”In ciò che sembriamo veniamo giudicati da tutti; in ciò che siamo da nessuno.”
-Friedrich Schiller.
Appannata dai giudizi creati oppure indotti dalla massa, la gente si limita tantissimo davanti alle opportunità che si presentano.
Oggi appariamo al posto di “essere”, ergo mostriamo un’immagine costruita di noi e giudicabile da vari punti di vista. Perchè c’è la tendenza a giudicare? Cosa sono i (pre)giudizi?

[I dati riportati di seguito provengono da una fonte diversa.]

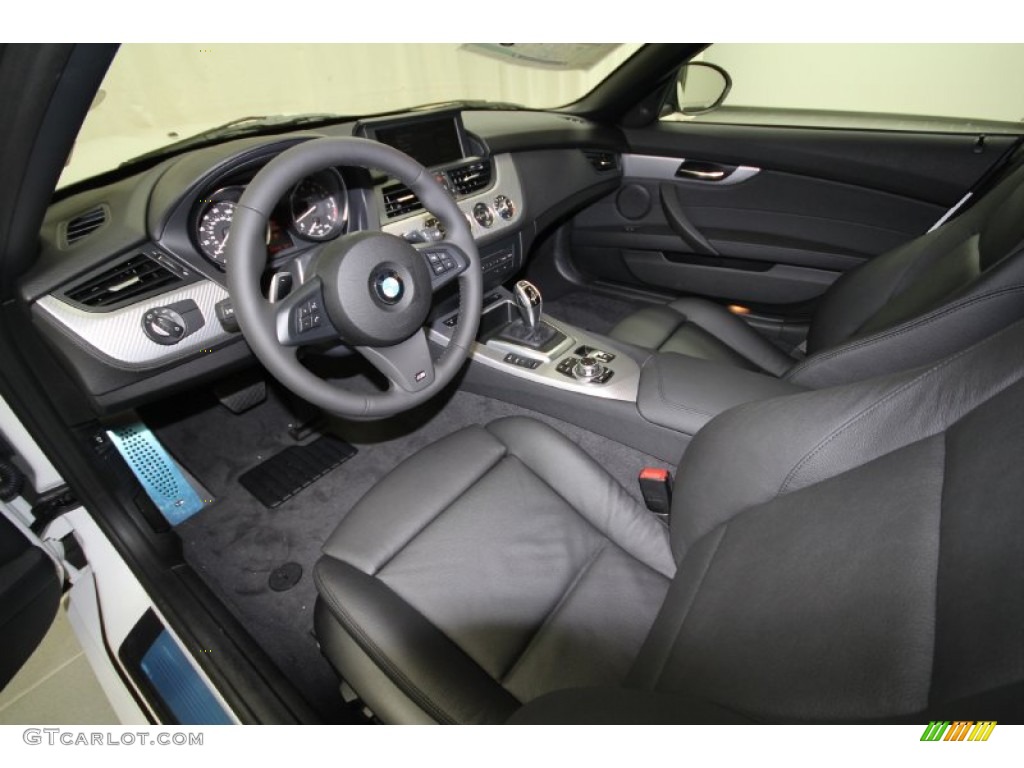 Black Interior 2012 BMW Z4 sDrive35i Photo #57939840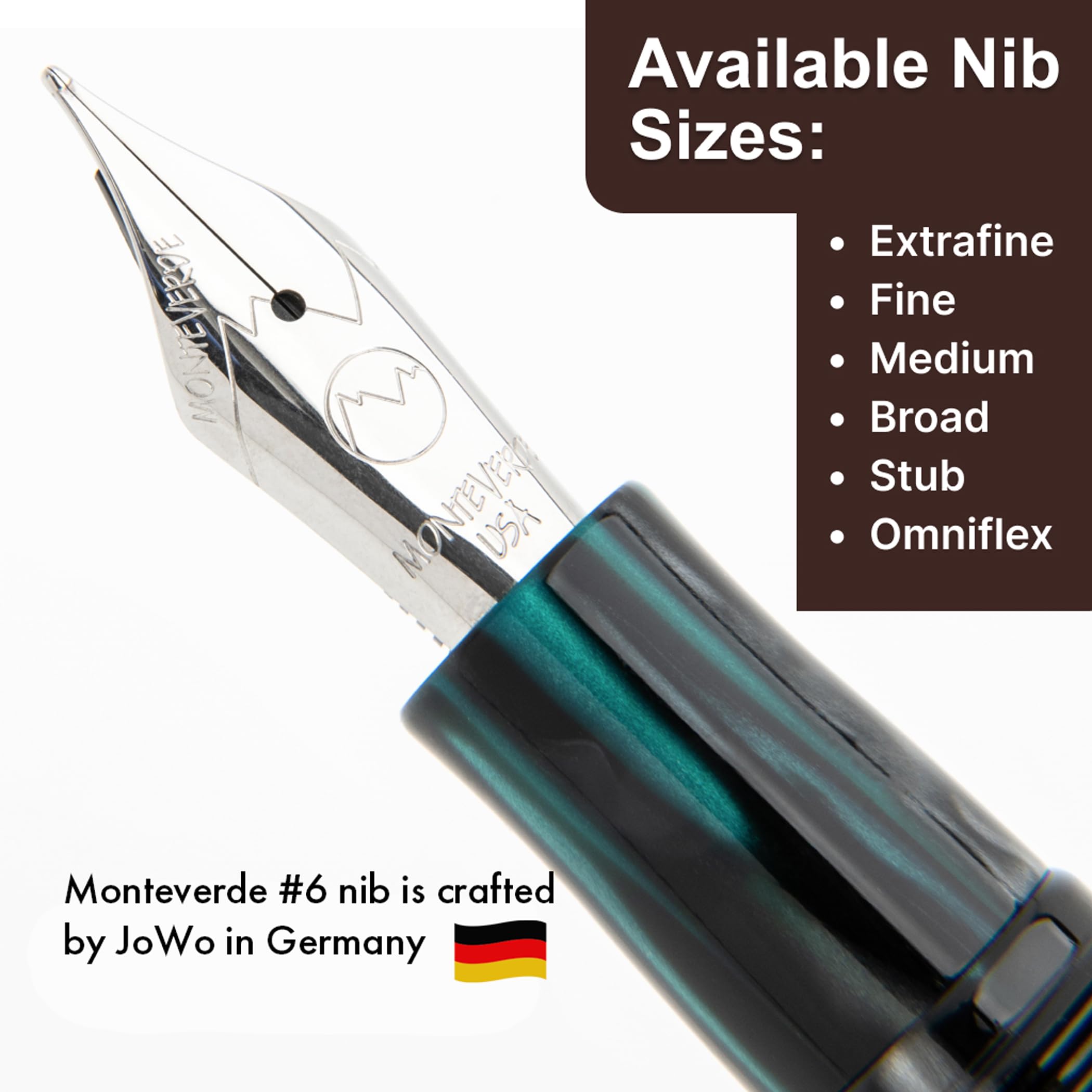Amazon | MONTEVERDE USA 世界の樹 万年筆 ジャイアントセコイア 細字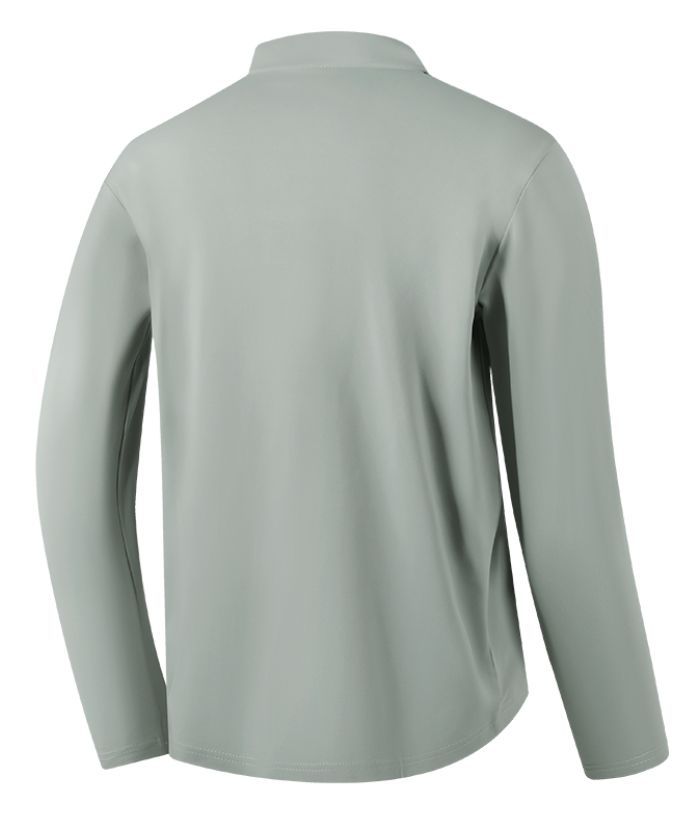 Men's Casual Solid Color Long Sleeve Polo Shirt-8803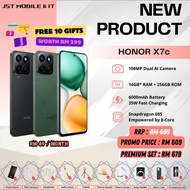 [ BUY 1 FREE 10] HONOR X7c | 16GB* RAM + 256GB ROM | IP64 Water Resistant | 108MP AI Camera | 6000mA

Chi realmente può giudicarci?
Da cosa nascono i giudizi?
Filosofi, poeti e artisti hanno colto la “root” del giudizio: una mentalità chiusa – con filtri sociali – oppure la paura di inoltrarsi in qualcosa per scoprire cosa ci sia dietro.
Solitamente si giudica ciò che non è conforme alla realtà che interpretiamo, ergo ciò che ci sembra “strano”, attribuendo dei giudizi che non trovano corrispondenza nel soggetto in questione da un punto di vista oggettivo.
Il giudizio non conosce un limite, infatti oltre alle persone, è incluso principalmente in qualunque cosa che non si conosce a fondo, poiché il modo in cui la gente percepisce ed interpreta quello che vede e sente è sempre soggettivo.
Infatti, sin da piccoli siamo stati abituati a darci/dare risposte immediate a quello che vediamo, poiché richiede più tempo porci le domande “giuste”.
Tante volte giudichiamo come si è vestita una persona, come si comporta e persino come agisce in termini emotivi e psichici proprio perchè lo fa la gente che ci circonda, ma è raro che qualcuno dubiti sul proprio pensiero.
La cosa strana è che sia diventato così naturale farlo, al punto che non si ha la consapevolezza di ciò.
La ricerca di Cialdini
Cialdini nel suo libro parla del principio di “Ignoranza collettiva”, dove spiega il motivo per cui le persone, prese in massa, agiscono senza farsi domande su quello che pensano poiché se il pensiero viene appoggiato dalla massa allora è “giusto”.
Questa ricerca dimostra che tutto ciò che appaga l’aspetto sociale è ben visto – vestirsi con capi di abbigliamento costosi (poiché di marca), avere come scopo guadagnare più soldi possibile, ecc…
Insomma seguire gli schemi di una società che punta ad apparire nel migliore dei modi – mentre la gente che prende strade “incerte” o che insegue la propria felicità, all’inizio del percorso viene giudicata.
In conclusione, Cialdini ci fornisce una dimostrazione che l’atteggiamento che adottiamo viene influenzato dalla gente che ci sta intorno.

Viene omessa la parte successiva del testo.